In the examples above:
- A trust-minimized bridge can rely on finality for issuing proxy tokens. This ensures the bridge will never be under-collateralized. The trade-off is that as long as finality stalls, cross-bridge transfers will also be stalled.
- All exchanges can use the same finality guarantee, so users can expect the same deposit delay everywhere (and it is likely to be notably lower than the status quo). The trade-off is that if finality stalls, new deposits will also be stalled, though all exchanges will behave consistently in this regard.
The end result for users is that some high-value interactions (such as bridging or exchange deposits) will now be faster and safer most of the time. Sometimes finality may stall. When finality resumes, it will “catch up” to the PoW chain, so users who don’t need the finality guarantee can continue using this hybrid protocol, similarly to how they use Zcash today, and be unaffected if finality stalls.
Status and open questions
This blog post introduction covers most of our R&D, so far, on the TFL design. There are still many open issues that need to be resolved with collaboration and input from the Zcash community before a TFL design is ready as a proposal for a Zcash upgrade.
An incomplete list of issues that still need to be resolved include:
- Is this general approach acceptable to the Zcash community?
- How will new ZEC issuance be distributed between PoW, PoS, and any potential Dev Fund successor? This is a key concern for both miners and potential stakers or delegators.
- How can we integrate any other changes to issuance mechanics, such as the Zcash Sustainability Fund?
- All of the PoS accounting mechanics, such as how bonding works, how delegation works, what kinds of slashing may occur, withdrawal delays and mechanics, etc.
- How would PoS operations interact with all other Zcash ledger activities, such as shielded pools, etc.? This will be a key area for understanding how privacy and staking interact.

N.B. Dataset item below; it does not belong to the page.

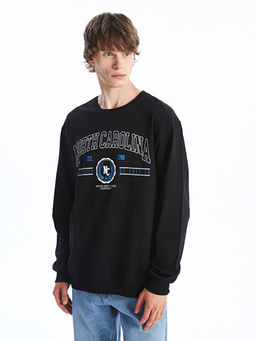 Bisiklet Yaka Uzun Kollu Erkek Sweatshirt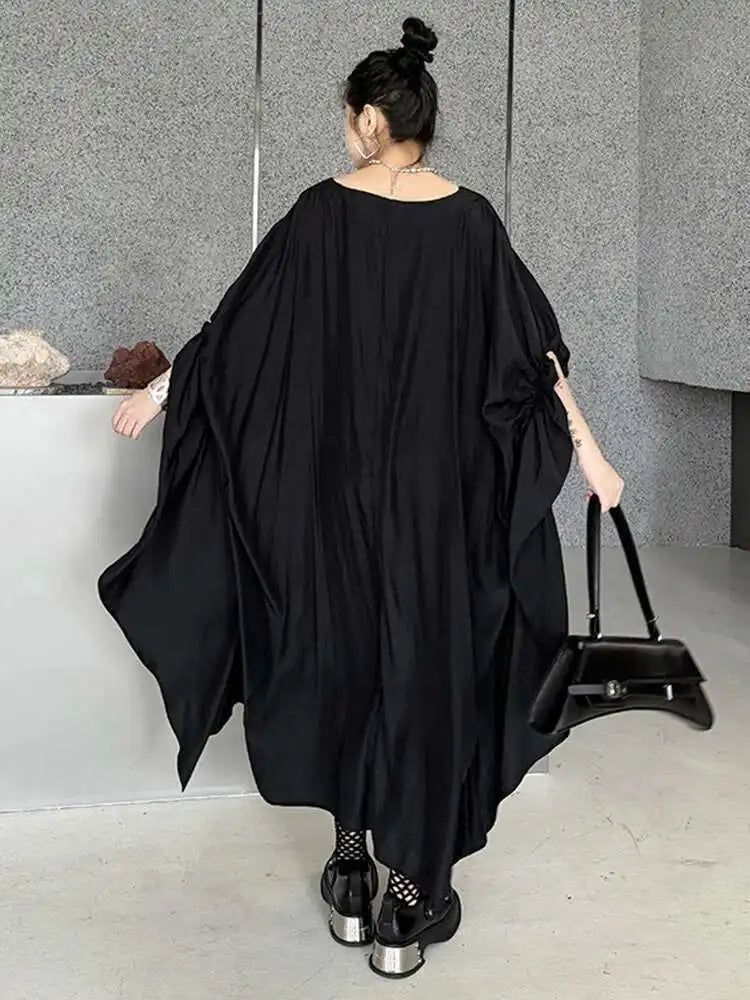 Women Black Pleated Irregular Big Size Long Dress New Round Neck Half Sleeve Fashion Tide Spring Summer 2025 1DH6284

- Should the chain tip ever stall in order to bound the gap between the finalized block and the chain tip?
- Detailed security analyses, including economic security, a case analysis of PoW capture, PoS capture, network security (esp. given two separate network protocols/layers).
- How can we ensure mobile shielded wallets are first-class participants? For example, can we ensure they can safely and efficiently delegate stake and manage stake-delegation positions? This includes both UX issues, like delegation UI flows, as well as implementation, such as lightwalletd protocol changes.

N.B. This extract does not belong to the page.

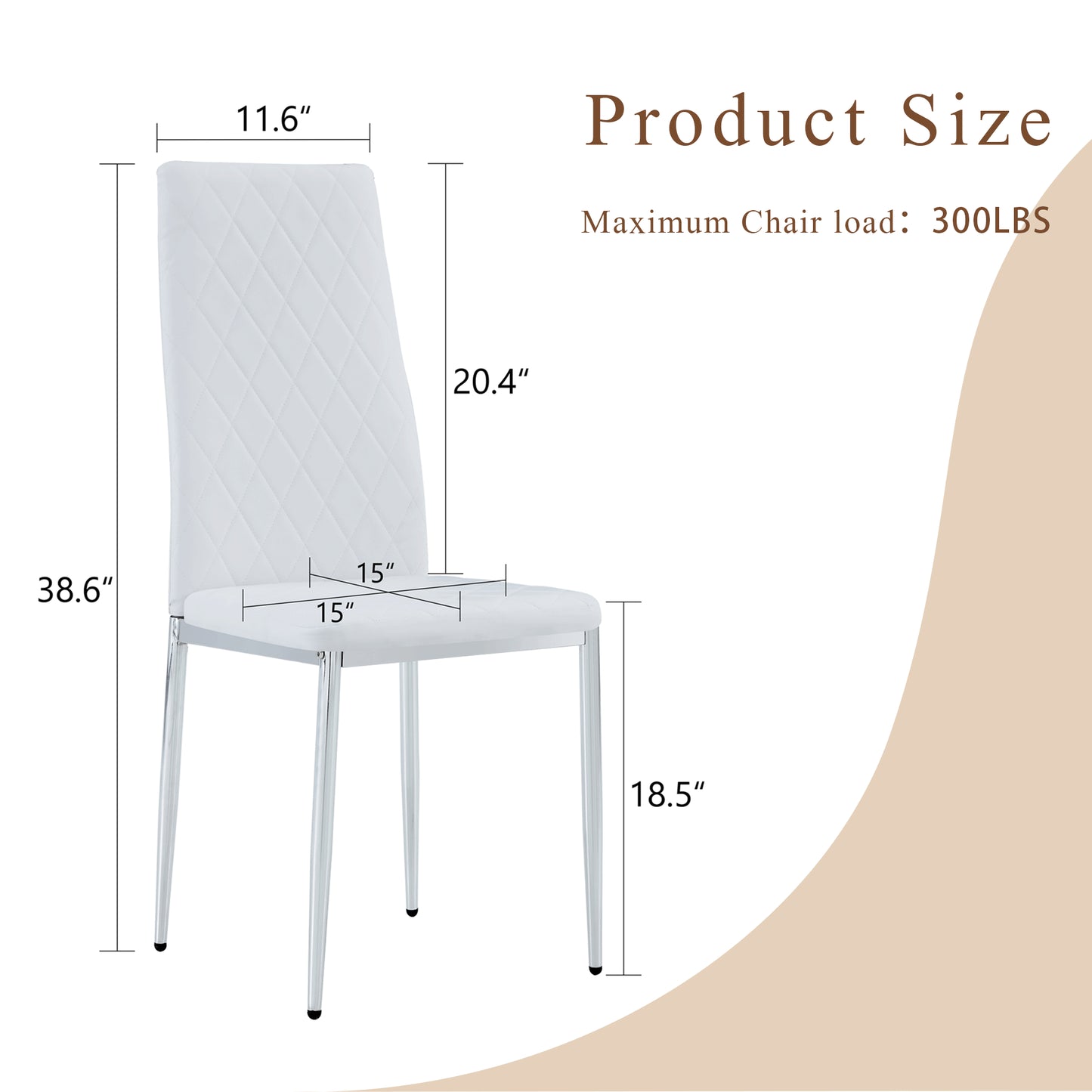 Modern Style Dining Chairs Set Of 6 In White, Essential For Minimalist Homes.Meeting Family Dining Needs,PU Material Seat,Silver Metal Legs,Blending Into Various Home Environments.W1151107276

- How to integrate any TFL protocol changes with other proposed protocol changes in a safe and timely manner. Examples: Zcash Sustainability Fund, Zcash Shielded Assets, bridging efforts, Namada integrations, etc.
- Selection of a specific finalizing PoS protocol. We are currently focusing on using Tendermint and ABCI as a way to rapidly prototype and validate the design.
- Prototypes, testnets, code architecture, etc.
As we address the open issues above, especially the interaction with other protocol features and coordination with those teams on timing, we can begin to refine a deployment timeline.
Our next steps for this TFL R&D initiative are to get community feedback on this blog, host a workshop at Zcon4, and produce R&D updates on the open issues above.
As we collaborate with other protocol development teams, we’d like to create a tentative deployment timeline that incorporates all of the other protocol feature efforts such as ZSF, ZSAs, and potential cross-chain bridge efforts.
Finally, we’re seeking out other teams or individuals who are interested in collaborating on this TFL project, so if you’re interested, please see the Get involved section above.
1 In a pure finalizing PoS protocol, the equivalent “stalls” are actually network-wide halts. One strength of this hybrid design is that PoW need not halt, and if it doesn’t then users who do not depend on finality can continue using the network.